What this task involves: Filter the entries for lines with the word "Love".

---------- Data provided ----------

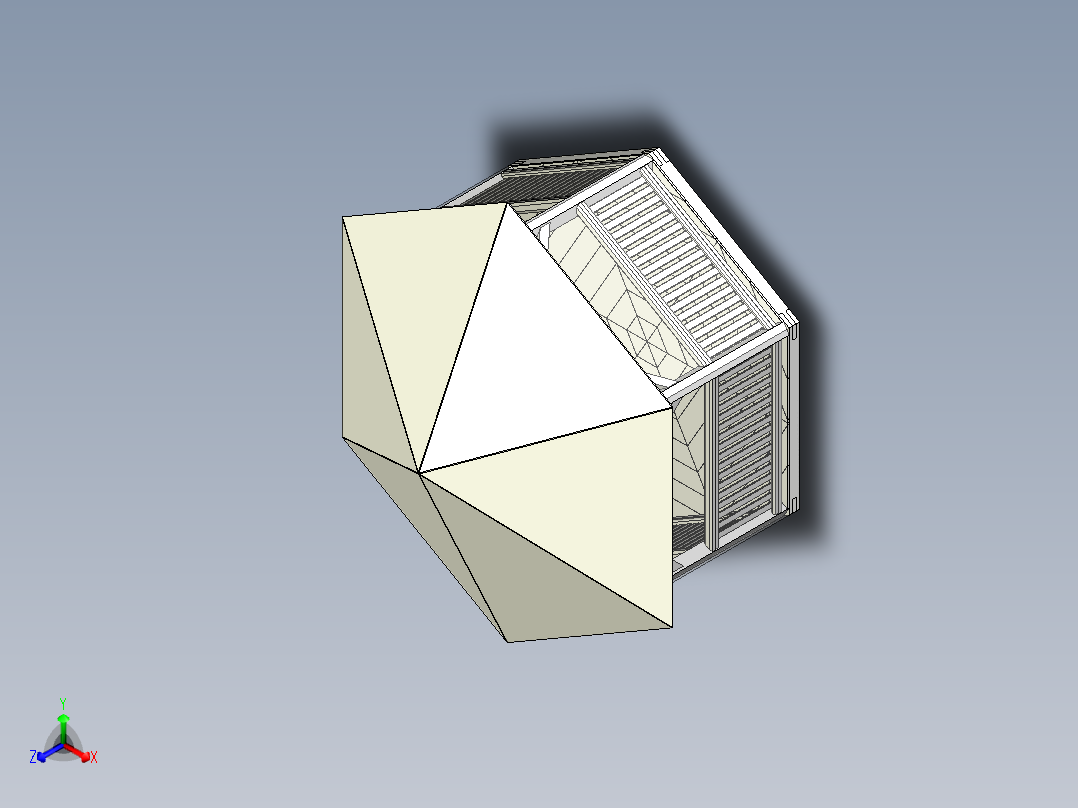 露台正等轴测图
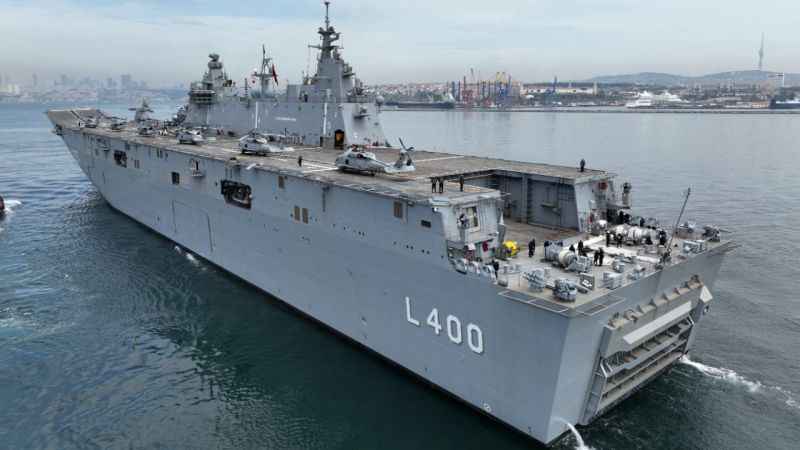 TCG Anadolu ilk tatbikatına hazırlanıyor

----------
---------- Data provided ----------

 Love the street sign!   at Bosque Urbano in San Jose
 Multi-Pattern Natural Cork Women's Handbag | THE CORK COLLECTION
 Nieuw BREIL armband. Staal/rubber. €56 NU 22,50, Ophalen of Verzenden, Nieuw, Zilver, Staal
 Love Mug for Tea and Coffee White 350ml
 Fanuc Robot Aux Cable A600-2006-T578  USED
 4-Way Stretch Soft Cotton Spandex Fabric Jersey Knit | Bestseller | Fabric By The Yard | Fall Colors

----------

Task response:
 Love the street sign!   at Bosque Urbano in San Jose
 Love Mug for Tea and Coffee White 350ml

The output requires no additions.